La censura non merita accoglimento sia perchè implicitamente ammette un tardivo tentativo di disconoscimento, senza nemmeno indicare quando è stato proposto, anzi sembrerebbe che ciò sia avvenuto in appello, sia perchè non viene censurata la consolidata giurisprudenza di questa Suprema Corte di Cassazione sul punto controverso, limitandosi a dedurre che non si è tenuto conto di come in realtà si è svolta la vicenda processuale, sia. infine, e soprattutto, perchè non si impugna la ratio decidendi della consapevolezza dell’altruità del bene e del difetto dell’animus possidendi.

Per la configurabilità del possesso “ad usucapionem”, è necessaria la sussistenza di un comportamento continuo, e non interrotto, inteso inequivocabilmente ad esercitare sulla cosa, per tutto il tempo all’uopo previsto dalla legge, un potere corrispondente a quello del proprietario o del titolare di uno “ius in re aliena” (“ex plurimis” Cass. 9 agosto 2001 n. 11000), un potere di fatto, corrispondente al diritto reale posseduto, manifestato con il compimento puntuale di atti di possesso conformi alla qualità e alla destinazione della cosa e tali da rilevare, anche esternamente, una indiscussa e piena signoria sulla cosa stessa contrapposta all’inerzia del titolare del diritto (Cass. 11 maggio 1996 n. 4436, Cass. 13 dicembre 1994 n. 10652).

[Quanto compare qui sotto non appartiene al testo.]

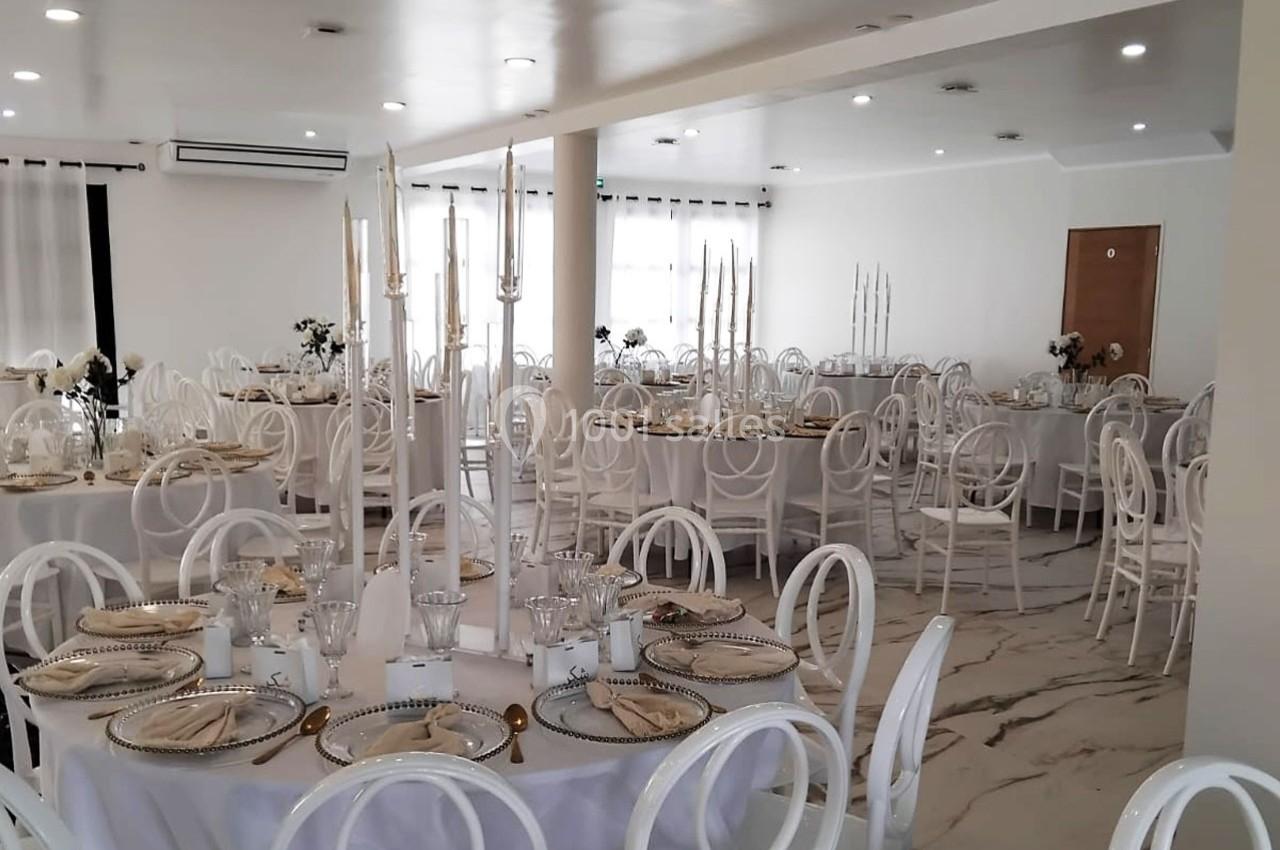 Salle de réception lumineuse avec tables rondes dressées, chaises blanches et chandeliers élégants.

Nè è denunciabile, in sede di legittimità, l’apprezzamento del giudice di merito in ordine alla validità degli eventi dedotti dalla parte, al fine di accertare se, nella concreta fattispecie, ricorrano o meno gli estremi di un possesso legittimo, idoneo a condurre all’usucapione (Cass. 1 agosto 1980 n. 4903, Cass. 5 ottobre 1978 n. 4454), ove, come nel caso, sia congruamente logica e giuridicamente corretta.

In ogni caso, appare decisiva la circostanza, per nulla smentita dalla prova testimoniale, che l’iniziale detenzione non ha dato luogo, nel tempo, ad interversione del possesso.

Alla cassazione della sentenza si può giungere solo quando la motivazione sia incompleta, incoerente ed illogica e non quando il giudice del merito abbia valutato i fatti in modo difforme dalle aspettative e dalle deduzioni di parte (Cass. 14 febbraio 2003 n. 2222).

La domanda di usucapione è stata correttamente disattesa in riferimento alla mancanza del fatto “possesso” posto che la mera eventuale occupazione o detenzione è irrilevante (S.U. 27 marzo 2008 n. 7930. In senso conforme cfr. Cass. 1.3.2030 n. 4863 che fa salva la dimostrazione di una sopraggiunta interversio possessionis, nella specie non avvenuta).

In definitiva, il ricorso va interamente rigettato, con la conseguente condanna alle spese.

P.Q.M.

La Corte rigetta il ricorso e condanna il ricorrente alle spese, liquidate in Euro 2700, di cui 2500 per onorari, oltre accessori.

Così deciso in Roma, il 12 aprile 2011.